Jang Mi-young found Leo in the hallway at two PM, heading downstairs to the chamber to run a solo test on the channel's perception range. She'd been sitting in the living room for an hour, tea mostly untouched, absorbing whatever David's quiet presence and Mira's careful explanations had given her.

She stopped him with a hand that almost touched his arm and then pulled back. The instinct to reach and the learned response to not touch the man whose energy had put her in the hospital.

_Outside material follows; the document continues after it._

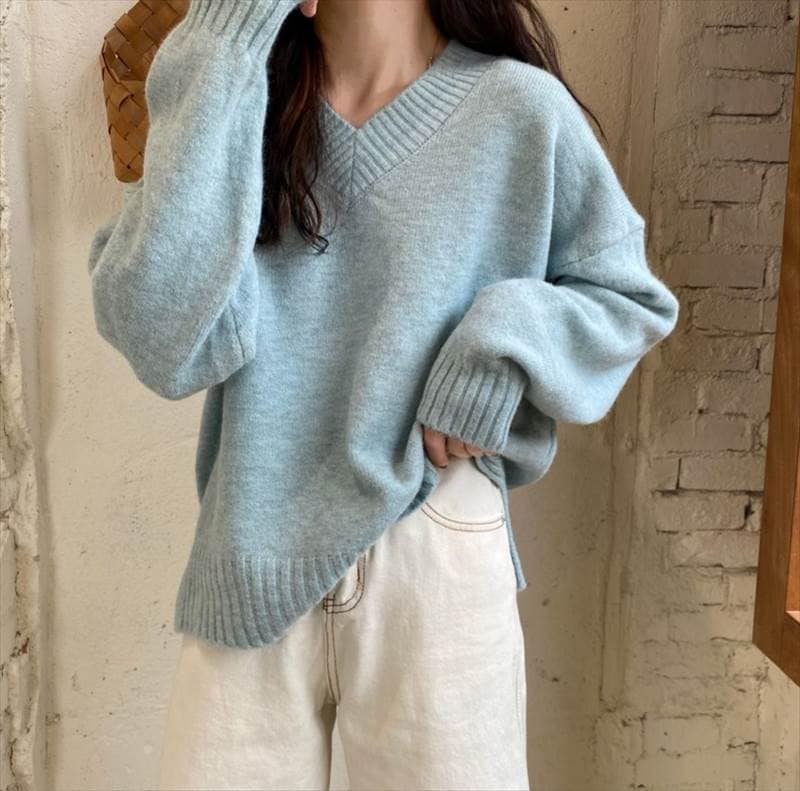 Vネック ルーズ ニットセーター レディース トップス ニット セーター プルオーバー 丈長 長袖 ドロップショルダー 襟なし リブ かわいい 大人可愛い きれいめ シンプル カジュアル おしゃれ ル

"The thing behind the wall," she said. "The entity."

"The Arbiter of Ending."

"It's been there a long time."

"Centuries."

She looked at him. The counter above his head. The number. The humming she could feel now, standing this close, the forty-seven proto-fragments in her tissue resonating with the ten thousand fragments in his.

"The doctors say I'm stable. They say my bloodwork is unusual but not dangerous. They want to discharge me next week." She folded her arms. A dry cleaner from the east district, standing in a hallway where dimensional seal architecture was breakfast conversation. "But I'm not stable. I'm changing. I can feel it. Every day, a little more. The humming is louder. The things I can sense are clearer."

"Mira is monitoring you. The changes are being tracked."

"I know." She looked at him. Directly. The eyes of a person who'd decided to ask the question she'd been holding since the chamber. "Am I going to become like you?"

Leo stood in the hallway with the channel humming and the counter at **10,490** and forty-seven proto-fragments in a woman's tissue resonating with ten thousand in his and the Arbiter silent behind a seal it may have already found a way around.

He opened his mouth. Closed it.

Jang Mi-young watched him not answer, and her face did something that was worse than fear. It was recognition. The look of a person who'd asked a question and gotten their answer from the silence.